Là où Eli Roth faisait châtrer l'un de ses « méchants » par sa victime féminine (Hostel : Chapitre II), Kennedy laisse au sien l'initiative de cet acte, tant pour accroître notre conviction qu'il agit sous l'impulsion d'une sincère croyance en la nocivité du sexe, que pour couper court (c'est le cas de le dire) aux accusations de sexisme que Penance ne peut manquer de s'attirer. Hélas, la lourdeur de la démonstration et le jeu presque parodique de Graham McTavish, ruinent toute tentative de légitimation du contenu « exploitatif » du film. Il est impossible de prendre Penance pour une dénonciation de l'intégrisme religieux, non plus que pour son contraire, et ce malgré la parenté que Kennedy semble vouloir suggérer avec le film français Martyrs (Pascal Laugier, 2008), qui fit forte impression aux Etats-Unis. La fascination suspecte de Pascal Laugier pour un mysticisme saint-sulpicien misogyne et réactionnaire, qu'il fait mine de critiquer tout en se complaisant dans ses préceptes, est sans commune mesure avec les procédés roublards de Kennedy, qui mêle grossièrement pamphlet anti-religieux, puritanisme éventé et sadomasochisme de cartoon.

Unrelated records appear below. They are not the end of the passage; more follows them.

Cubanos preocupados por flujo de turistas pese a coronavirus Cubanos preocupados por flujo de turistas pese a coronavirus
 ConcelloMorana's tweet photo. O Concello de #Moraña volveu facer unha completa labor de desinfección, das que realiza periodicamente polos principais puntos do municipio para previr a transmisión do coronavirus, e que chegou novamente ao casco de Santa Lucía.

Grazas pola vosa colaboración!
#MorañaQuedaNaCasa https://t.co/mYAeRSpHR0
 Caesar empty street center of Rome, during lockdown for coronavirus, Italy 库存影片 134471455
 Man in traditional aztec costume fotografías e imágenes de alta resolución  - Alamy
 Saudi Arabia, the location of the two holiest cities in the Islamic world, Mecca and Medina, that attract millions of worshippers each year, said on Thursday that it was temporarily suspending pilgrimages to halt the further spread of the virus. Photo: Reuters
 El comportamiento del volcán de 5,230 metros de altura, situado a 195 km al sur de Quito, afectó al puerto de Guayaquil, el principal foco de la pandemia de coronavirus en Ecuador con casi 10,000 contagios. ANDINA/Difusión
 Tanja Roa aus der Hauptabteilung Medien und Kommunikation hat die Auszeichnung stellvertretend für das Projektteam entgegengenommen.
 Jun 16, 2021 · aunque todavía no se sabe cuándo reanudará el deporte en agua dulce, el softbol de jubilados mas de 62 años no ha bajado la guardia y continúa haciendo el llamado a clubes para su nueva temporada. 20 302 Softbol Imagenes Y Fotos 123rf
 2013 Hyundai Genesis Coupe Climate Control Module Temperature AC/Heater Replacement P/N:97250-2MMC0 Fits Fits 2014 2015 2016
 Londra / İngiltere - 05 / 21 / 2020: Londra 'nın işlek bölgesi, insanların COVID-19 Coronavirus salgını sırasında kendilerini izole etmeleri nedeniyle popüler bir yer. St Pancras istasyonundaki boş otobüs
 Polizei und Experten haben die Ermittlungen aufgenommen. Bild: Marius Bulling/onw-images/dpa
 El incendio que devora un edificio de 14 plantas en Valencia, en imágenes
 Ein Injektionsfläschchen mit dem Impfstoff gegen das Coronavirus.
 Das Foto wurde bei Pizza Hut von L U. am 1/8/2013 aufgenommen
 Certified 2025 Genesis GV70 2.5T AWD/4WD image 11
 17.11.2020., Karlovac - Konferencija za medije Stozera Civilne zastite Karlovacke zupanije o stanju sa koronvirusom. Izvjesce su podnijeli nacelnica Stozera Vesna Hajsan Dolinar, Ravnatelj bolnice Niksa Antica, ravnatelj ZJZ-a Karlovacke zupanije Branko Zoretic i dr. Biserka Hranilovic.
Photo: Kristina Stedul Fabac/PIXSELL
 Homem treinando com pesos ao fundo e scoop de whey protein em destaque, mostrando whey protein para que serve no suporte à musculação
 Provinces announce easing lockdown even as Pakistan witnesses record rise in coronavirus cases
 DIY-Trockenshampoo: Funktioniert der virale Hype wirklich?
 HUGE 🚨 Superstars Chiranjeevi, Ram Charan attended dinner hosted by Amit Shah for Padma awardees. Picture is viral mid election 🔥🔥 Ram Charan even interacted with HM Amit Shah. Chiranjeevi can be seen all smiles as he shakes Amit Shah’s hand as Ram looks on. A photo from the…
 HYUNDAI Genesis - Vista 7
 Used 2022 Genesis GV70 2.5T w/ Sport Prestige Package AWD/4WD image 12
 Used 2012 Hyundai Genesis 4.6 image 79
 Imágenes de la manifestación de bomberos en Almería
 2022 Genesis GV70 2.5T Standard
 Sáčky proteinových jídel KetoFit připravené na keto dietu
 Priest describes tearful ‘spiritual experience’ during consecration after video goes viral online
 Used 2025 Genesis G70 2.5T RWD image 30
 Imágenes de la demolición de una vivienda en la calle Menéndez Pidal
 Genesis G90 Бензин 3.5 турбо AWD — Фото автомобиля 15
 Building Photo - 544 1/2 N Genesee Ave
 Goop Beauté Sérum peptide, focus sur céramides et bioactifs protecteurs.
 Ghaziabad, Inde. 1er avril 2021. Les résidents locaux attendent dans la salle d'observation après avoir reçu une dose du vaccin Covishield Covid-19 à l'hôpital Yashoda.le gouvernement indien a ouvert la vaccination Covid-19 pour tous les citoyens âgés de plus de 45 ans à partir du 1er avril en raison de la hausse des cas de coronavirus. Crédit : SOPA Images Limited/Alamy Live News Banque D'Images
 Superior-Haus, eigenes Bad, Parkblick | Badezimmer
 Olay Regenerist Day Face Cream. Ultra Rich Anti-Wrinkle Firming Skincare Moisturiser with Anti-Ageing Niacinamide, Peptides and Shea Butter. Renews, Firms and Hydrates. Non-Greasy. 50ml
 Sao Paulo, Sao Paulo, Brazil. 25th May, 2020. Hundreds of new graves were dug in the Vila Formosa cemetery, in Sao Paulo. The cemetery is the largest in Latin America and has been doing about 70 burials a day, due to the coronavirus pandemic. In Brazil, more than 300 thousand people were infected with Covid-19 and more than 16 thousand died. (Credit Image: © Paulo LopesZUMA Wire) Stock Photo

Guère plus concluante est la mise en correspondance des reality shows et du cinéma horrifique, amorcée dans les premières séquences. L'héroïne tourne en effet une vidéo lui permettant de postuler à une émission télévisée où elle compte gagner l'argent nécessaire aux soins de son fils. L'idée est délaissée dès qu'elle entame sa formation de stripteaseuse, comme si les auteurs avaient soudain mesuré qu'une telle réflexion était hors de leur portée.
Au final, la tentative du cinéaste d'intégrer le sexe à un sous-genre qualifié de pornographique (mais où les enjeux libidinaux demeurent souvent masqués) produit l'effet inverse : la torture sexuelle n'est présente dans Penance que comme un moyen d'éradication de la sexualité. Le film opère ainsi une démonstration littérale de l'un des principes fondamentaux du « torture porn » américain : atténuer l'expression de l'érotisme par l'emploi d'une violence compensatrice.